## Exercise
From the records below, pull each line that has "After".

## Provided data
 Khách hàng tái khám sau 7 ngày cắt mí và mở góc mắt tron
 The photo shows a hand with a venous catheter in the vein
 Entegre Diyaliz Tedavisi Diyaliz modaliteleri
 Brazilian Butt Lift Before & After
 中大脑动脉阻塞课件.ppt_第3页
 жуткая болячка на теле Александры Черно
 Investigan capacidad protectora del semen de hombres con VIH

...

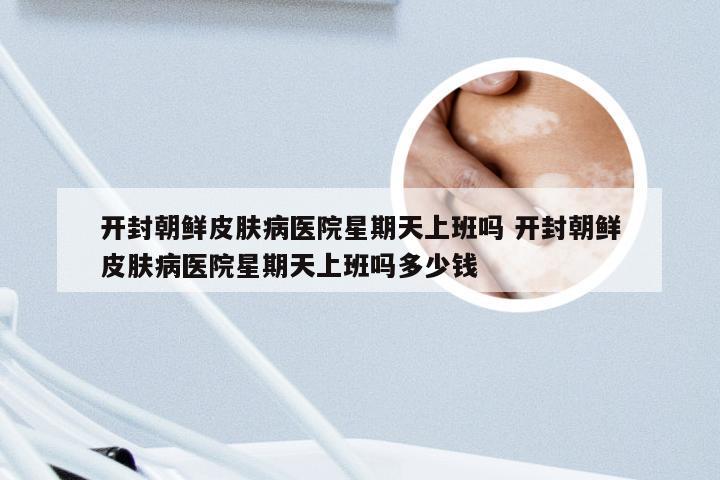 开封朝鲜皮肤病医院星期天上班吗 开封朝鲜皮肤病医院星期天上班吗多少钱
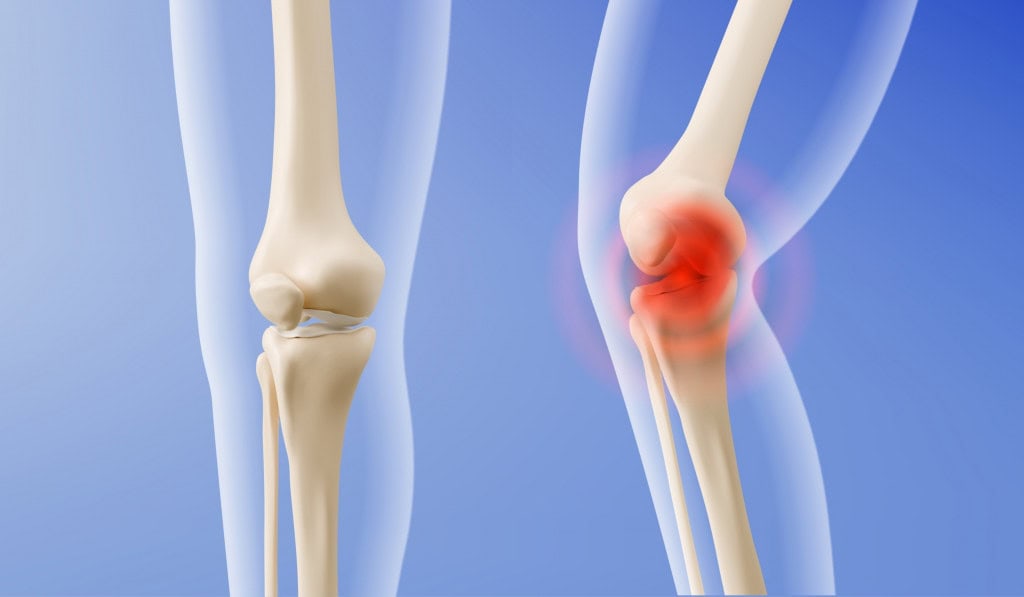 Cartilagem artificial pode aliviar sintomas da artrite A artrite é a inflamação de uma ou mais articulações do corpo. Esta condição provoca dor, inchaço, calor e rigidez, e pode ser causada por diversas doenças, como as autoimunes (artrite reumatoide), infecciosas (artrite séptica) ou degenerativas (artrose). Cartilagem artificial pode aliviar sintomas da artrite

--

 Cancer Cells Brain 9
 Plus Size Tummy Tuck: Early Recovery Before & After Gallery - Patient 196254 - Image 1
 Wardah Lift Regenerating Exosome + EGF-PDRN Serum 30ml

## Task solution
 Brazilian Butt Lift Before & After
 Plus Size Tummy Tuck: Early Recovery Before & After Gallery - Patient 196254 - Image 1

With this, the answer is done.